> _WHAT IS REQUIRED_
Could you copy the records below exactly, keeping none of the images?

> _THE INPUT_
==============================

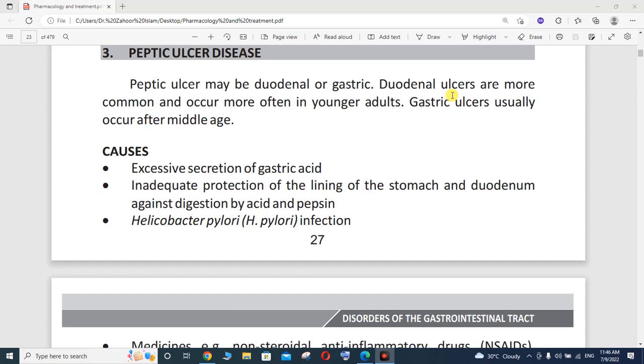Hello viewers, I am Zahuri Slam and you are watching me on my YouTube channel Zahuri Slam Official. Today our topic is Peptic Ulcer Disease.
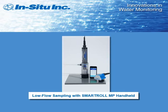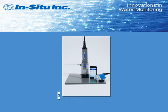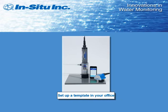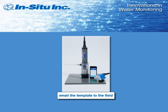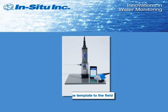Low flow sampling is easy with the In-Situ SmartTroll Multi-Parameter Handheld Instrument and the iSitu mobile app. You can set up a project template in your office and email the template to your tech in the field, or you can set up a project within the iSitu app.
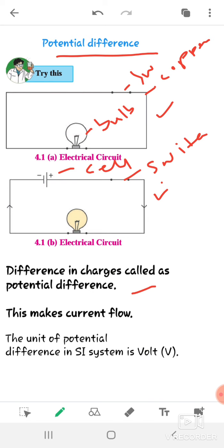In the second diagram, a cell is connected. When we connect the cell and switch on the button, the bulb lights up. This explains that electricity or current is flowing in the circuit, and the electrons in the wire flow due to the potential difference between the two ends of the dry cell.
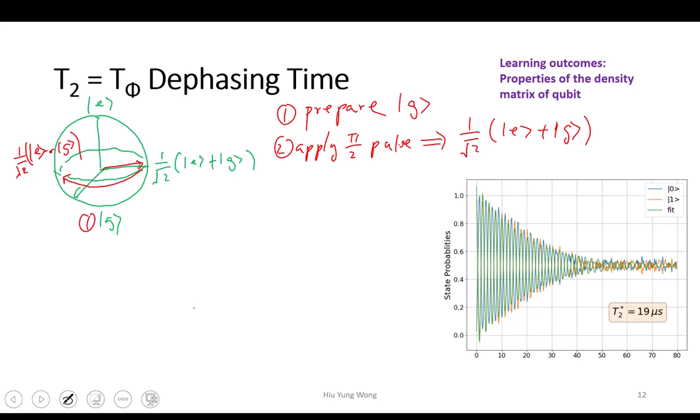I apply a pulse to it. It was at the ground state, I apply a pulse and it brings me to the equator — this is the pi over 2 pulse. That's why it's called pi over 2: because it rotates by pi over 2. If it were pi, it would bring it to the excited state. So you start with the ground state, apply a pulse to bring you to the superposition state — that's how we do the measurement.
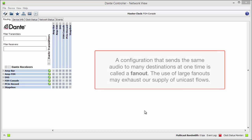A configuration that sends the same audio to many destinations at one time is called a fan-out. The use of large fan-outs may exhaust our supply of unicast flows.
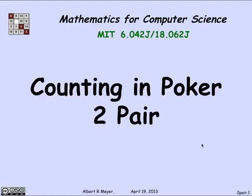Let's do a basic example of counting that illustrates the use of the generalized division rule and the generalized product rule. We'll count some particular kind of poker hands called a two pair.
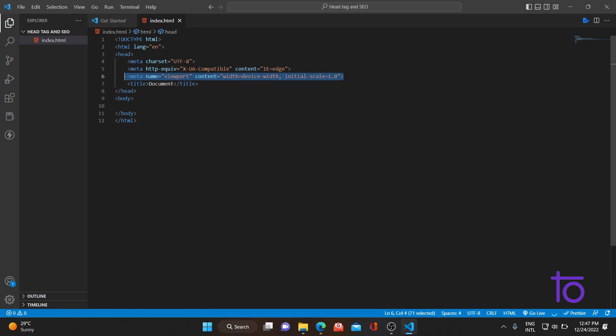The third meta tag is about the viewport — this is basically for responsiveness. If you are using a mobile, laptop, or desktop screen, it ensures that your website is in a responsive format and adjusts accordingly. The width is set to device-width and the initial scale is set to 1.0. Lastly, there is the title tag, which sets what your page title will be.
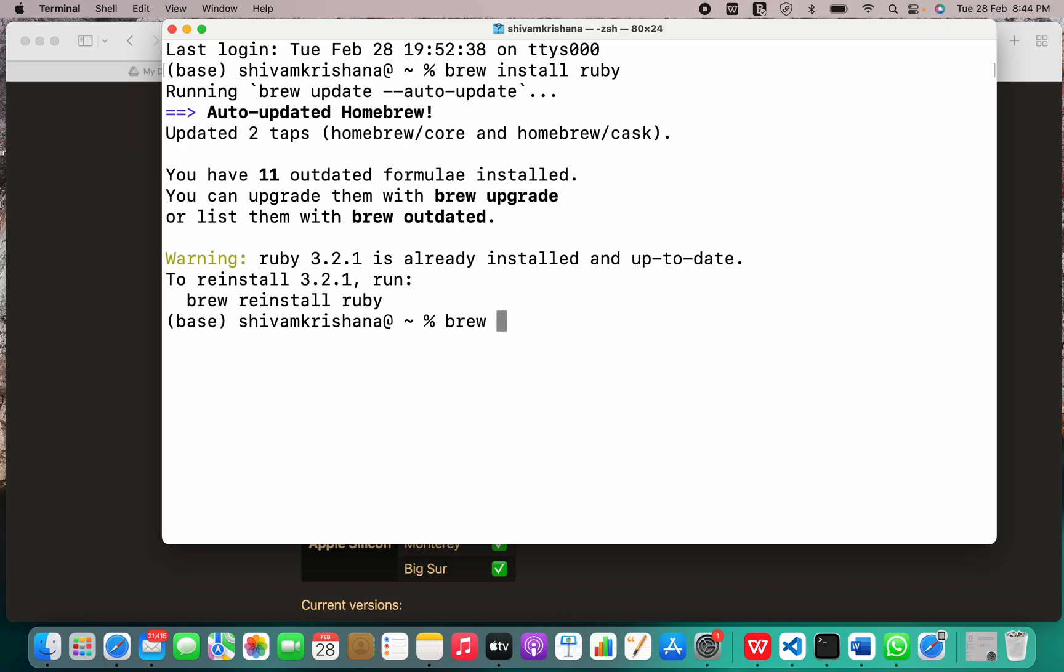Let's just reinstall so that you can see it in action. Brew reinstall Ruby.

==============================

> _EXERCISE ANSWER_
Hello viewers, I am Zahuri Slam and you are watching me on my YouTube channel Zahuri Slam Official. Today our topic is Peptic Ulcer Disease.
Low flow sampling is easy with the In-Situ SmartTroll Multi-Parameter Handheld Instrument and the iSitu mobile app. You can set up a project template in your office and email the template to your tech in the field, or you can set up a project within the iSitu app.
In the second diagram, a cell is connected. When we connect the cell and switch on the button, the bulb lights up. This explains that electricity or current is flowing in the circuit, and the electrons in the wire flow due to the potential difference between the two ends of the dry cell.
I apply a pulse to it. It was at the ground state, I apply a pulse and it brings me to the equator — this is the pi over 2 pulse. That's why it's called pi over 2: because it rotates by pi over 2. If it were pi, it would bring it to the excited state. So you start with the ground state, apply a pulse to bring you to the superposition state — that's how we do the measurement.
A configuration that sends the same audio to many destinations at one time is called a fan-out. The use of large fan-outs may exhaust our supply of unicast flows.
Let's do a basic example of counting that illustrates the use of the generalized division rule and the generalized product rule. We'll count some particular kind of poker hands called a two pair.
The third meta tag is about the viewport — this is basically for responsiveness. If you are using a mobile, laptop, or desktop screen, it ensures that your website is in a responsive format and adjusts accordingly. The width is set to device-width and the initial scale is set to 1.0. Lastly, there is the title tag, which sets what your page title will be.
Let's just reinstall so that you can see it in action. Brew reinstall Ruby.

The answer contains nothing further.